What are milk teeth?
Milk teeth are also commonly known as primary, deciduous or baby teeth. Humans have two sets of teeth in their lifetime. The milk teeth set starts to erupt from the age of 6 months and completely exfoliates between the age of 10 to 12 years. Since the tenure of milk teeth is extended until the mentioned age range, it’s quite important to keep these teeth healthy and cavity free. This lays a healthy foundation for the permanent teeth to erupt properly.

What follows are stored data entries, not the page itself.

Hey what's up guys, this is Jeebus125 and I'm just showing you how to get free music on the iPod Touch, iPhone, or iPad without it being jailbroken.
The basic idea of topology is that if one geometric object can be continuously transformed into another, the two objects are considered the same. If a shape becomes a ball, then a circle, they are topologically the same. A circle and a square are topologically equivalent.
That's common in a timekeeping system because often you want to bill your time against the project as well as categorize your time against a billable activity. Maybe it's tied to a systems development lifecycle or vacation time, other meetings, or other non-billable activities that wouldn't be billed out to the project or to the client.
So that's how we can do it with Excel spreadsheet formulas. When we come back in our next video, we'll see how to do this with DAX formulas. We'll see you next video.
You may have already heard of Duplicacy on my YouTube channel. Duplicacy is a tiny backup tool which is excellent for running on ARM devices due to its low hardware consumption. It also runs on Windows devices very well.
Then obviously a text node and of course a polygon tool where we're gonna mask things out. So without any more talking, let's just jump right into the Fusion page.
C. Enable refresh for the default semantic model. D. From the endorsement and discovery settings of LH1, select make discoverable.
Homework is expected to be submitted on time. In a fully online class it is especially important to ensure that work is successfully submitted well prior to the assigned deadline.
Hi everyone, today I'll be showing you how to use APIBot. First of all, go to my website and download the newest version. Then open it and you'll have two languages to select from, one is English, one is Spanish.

What should parents do when their child’s milk teeth haven’t fallen out as yet, but the child’s permanent teeth have started to erupt?
When a child’s set of milk teeth have not exfoliated but their permanent teeth have started to erupt, the milk teeth should either be wiggled out or professionally extracted. However, milk teeth usually fall out naturally when permanent teeth are right underneath them. Sometimes due to space concerns between the child’s teeth or other factors, permanent teeth begin to erupt in wrong direction. Hence, there is no active force left on the milk teeth to help it fall out naturally. This force should then be applied from outside by either biting on hard fruits, wiggling or professionally extracting the tooth.

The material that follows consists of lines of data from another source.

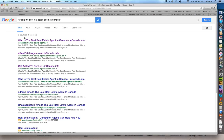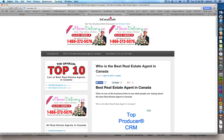There you'll see "Canada Info" — click on it and it'll take you to our site, where you'll see the official top 10 list of the best real estate agents in Canada.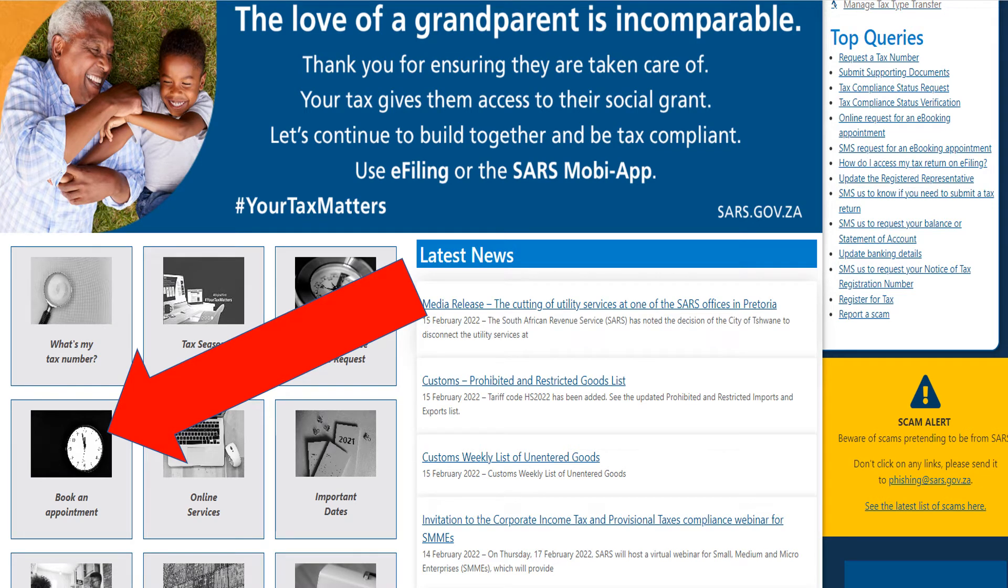In this video, we're going to show you how to book an appointment with SARS online so that you can validate your banking details or apply to uplift a stopper that might be on your bank account which is preventing your SARS refund from paying out.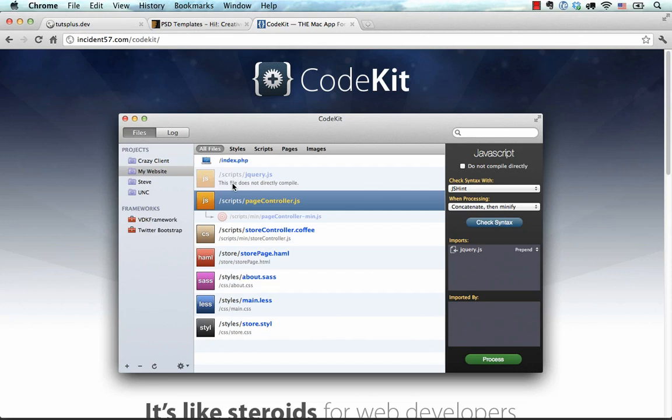In the introduction we talked about three applications that you can use instead of the terminal to compile your SASS files. There's another application for Mac users called CodeKit.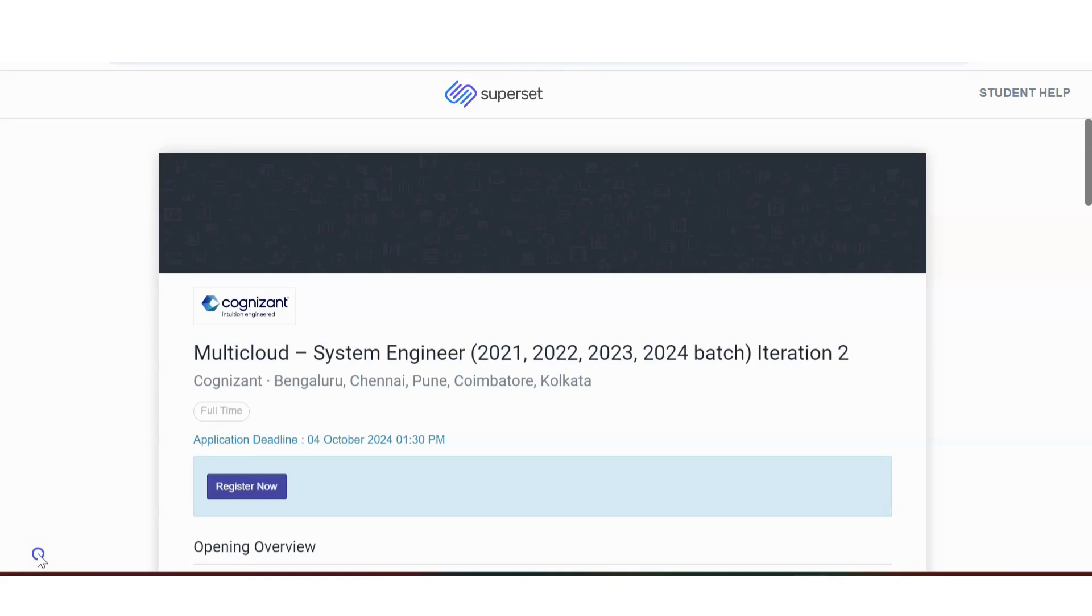Hello guys, so I am back with another very big recruitment update that is from the very famous Cognizant. Cognizant is one of the very famous and one of the very favorite companies for a lot of people out there.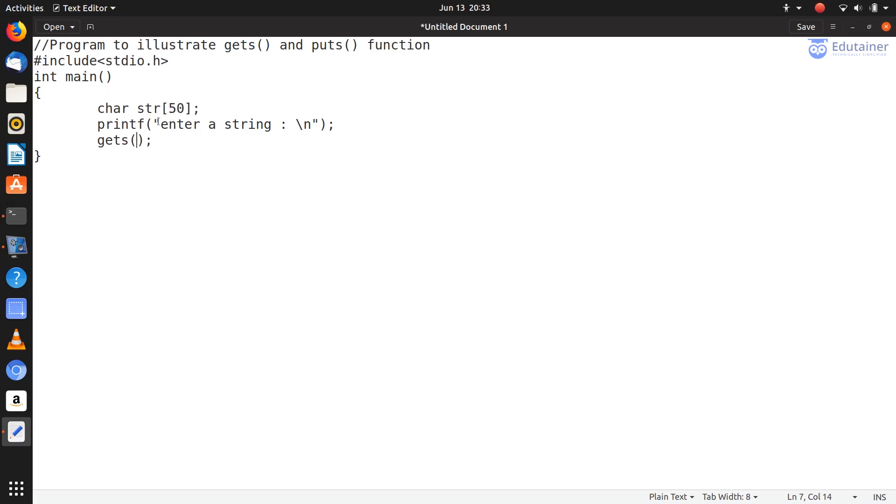str variable, str is our character array variable, so I have to pass this to the gets function. Now gets function will read this particular string, and then with the help of puts function display it.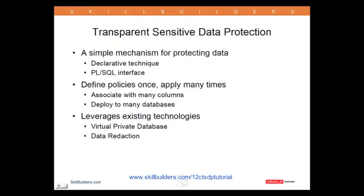It's a simple mechanism for protecting data, a declarative technique with an easy-to-use PL/SQL interface. It leverages the existing technologies of virtual private database and data reduction that I've already demonstrated. The general technique: you define your policies just once and apply them many times. You associate the policies with as many columns or tables as you wish. You can even deploy them to multiple databases.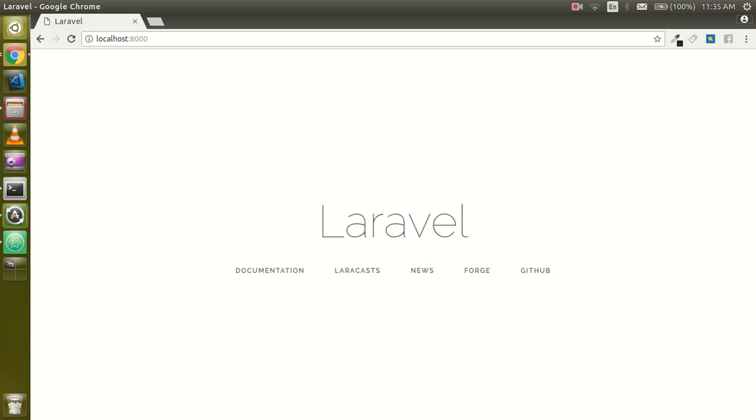Hi guys, welcome back. In this Laravel video tutorial we are going to learn about Laravel routing. Let's get started with that. First of all you have to install Laravel 5.6, and if you don't have installed and don't know how to install, then you can watch our last video.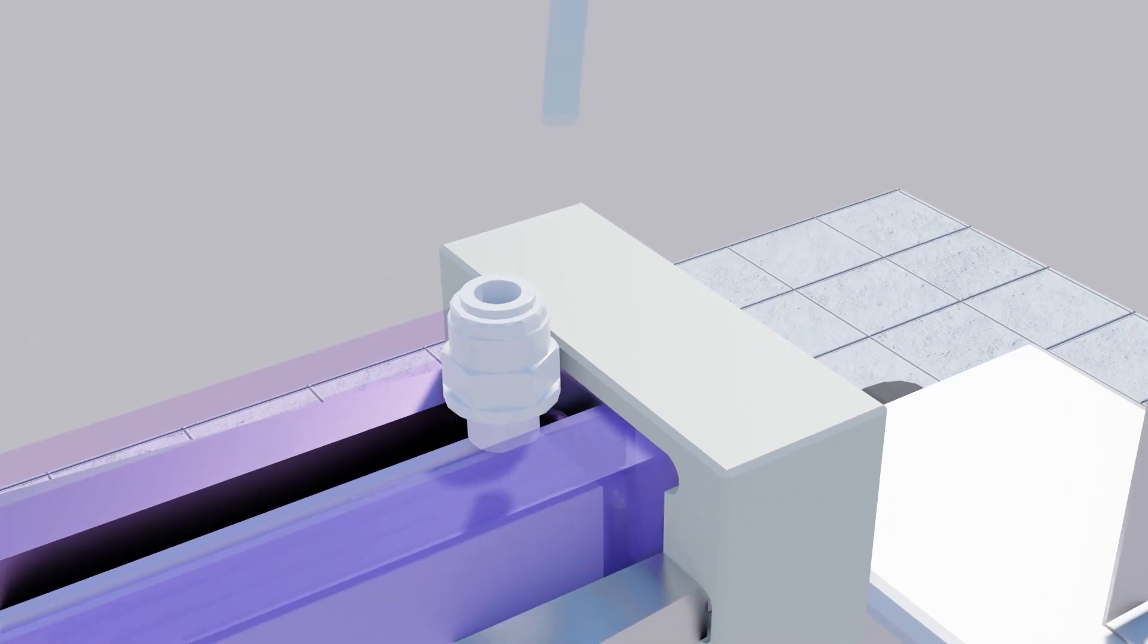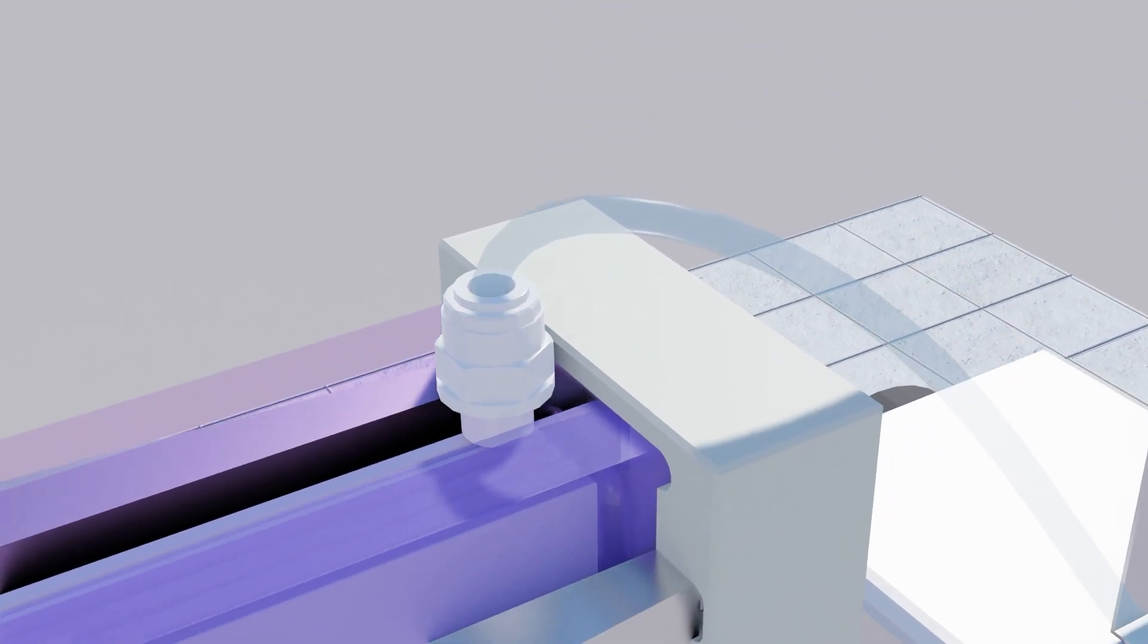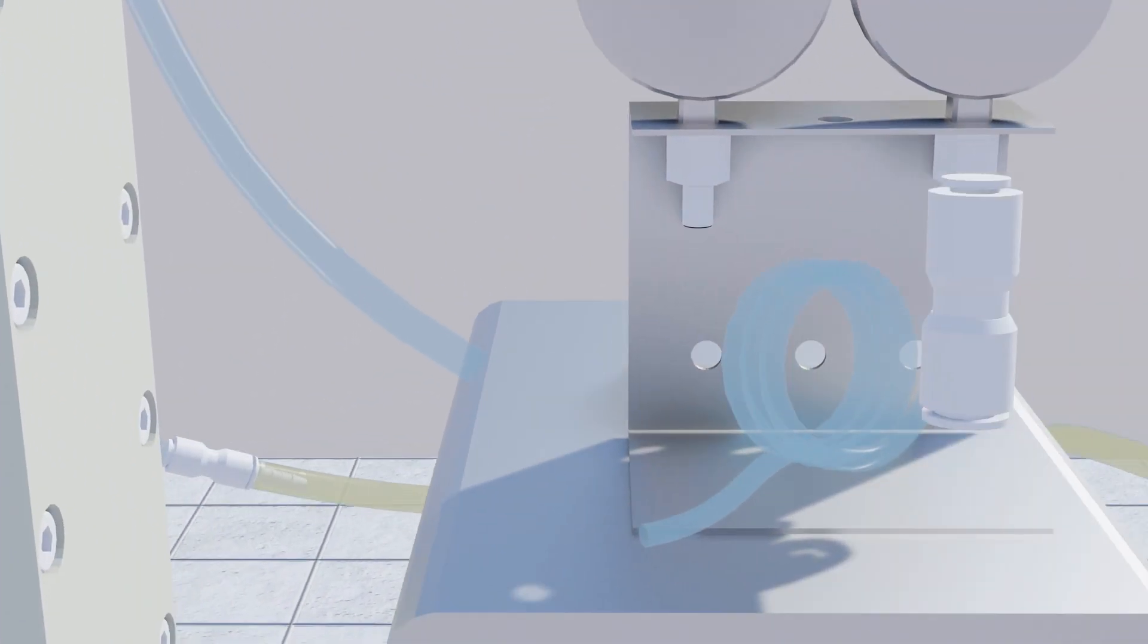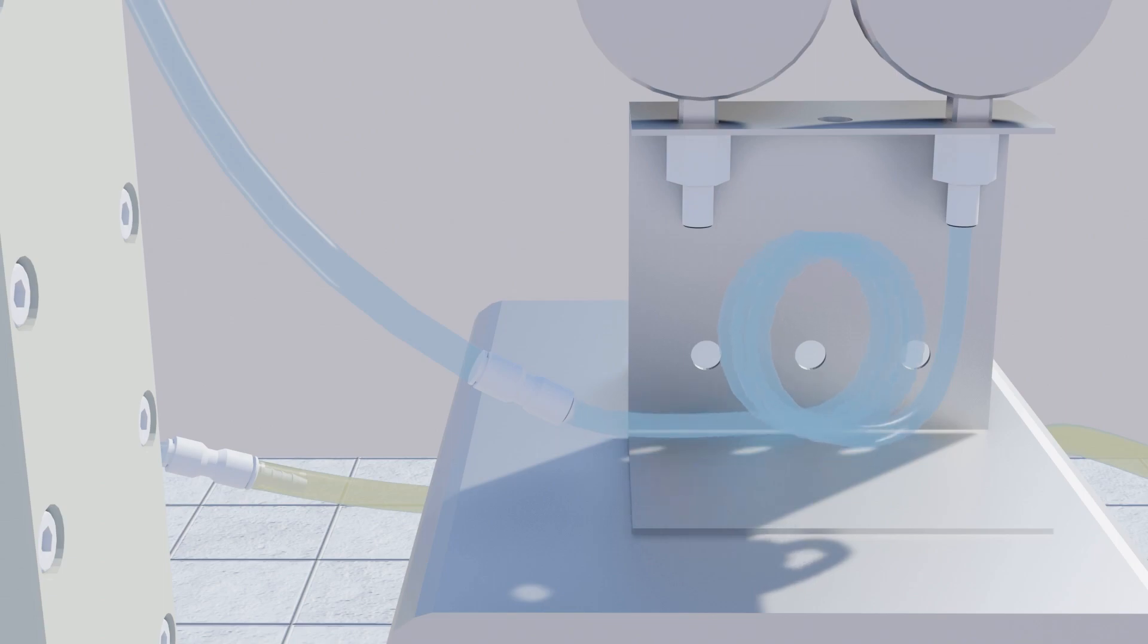To connect the manometer, connect the 8mm tubing to the other outlet port and use an adapter to connect the 8mm tubing to the 6mm tubing that leads to the manometer.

When do permanent teeth start to erupt?
- Upper and lower front teeth: age 6 to 8 years
- Canines: age 9 to 10 years
- Molars: age 10 to 12 years
*Plus or minus 6 months to 12 months
Do you have any tips for parents during this process?
Tips on exfoliating primary teeth:
- Provide your child with soft food as wobbly teeth can potentially lead to the sensation of soreness within their mouth.
- Wiggle the primary teeth as and when possible.
- Gentle brushing is fine but skipping brushing completely in the area of concern is not recommended.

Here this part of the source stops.